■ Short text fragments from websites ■
════════════════════

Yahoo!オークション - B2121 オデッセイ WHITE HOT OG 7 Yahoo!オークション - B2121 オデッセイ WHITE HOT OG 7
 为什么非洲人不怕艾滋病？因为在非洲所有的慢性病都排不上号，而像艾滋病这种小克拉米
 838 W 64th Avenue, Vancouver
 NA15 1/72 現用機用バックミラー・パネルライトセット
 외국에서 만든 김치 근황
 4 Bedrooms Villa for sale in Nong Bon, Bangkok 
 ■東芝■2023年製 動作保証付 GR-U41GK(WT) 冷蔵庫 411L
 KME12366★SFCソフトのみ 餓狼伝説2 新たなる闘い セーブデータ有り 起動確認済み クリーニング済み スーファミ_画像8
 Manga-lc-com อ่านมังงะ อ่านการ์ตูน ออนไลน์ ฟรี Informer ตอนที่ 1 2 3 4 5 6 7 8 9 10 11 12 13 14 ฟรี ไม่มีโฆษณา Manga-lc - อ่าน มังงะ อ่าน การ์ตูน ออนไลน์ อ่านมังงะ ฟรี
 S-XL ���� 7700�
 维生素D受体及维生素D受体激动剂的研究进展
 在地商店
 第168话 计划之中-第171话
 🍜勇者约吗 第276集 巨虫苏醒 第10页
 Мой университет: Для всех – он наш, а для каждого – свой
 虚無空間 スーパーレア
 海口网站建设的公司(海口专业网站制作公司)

════════════════════

■ PROBLEM REQUIREMENTS ■
An exact copy of every line from the one containing "维生素D受体及维生素D受体激动剂的研究进展" through the last line of the entries is required; please add nothing.

■ YOUR SOLUTION ■
 维生素D受体及维生素D受体激动剂的研究进展
 在地商店
 第168话 计划之中-第171话
 🍜勇者约吗 第276集 巨虫苏醒 第10页
 Мой университет: Для всех – он наш, а для каждого – свой
 虚無空間 スーパーレア
 海口网站建设的公司(海口专业网站制作公司)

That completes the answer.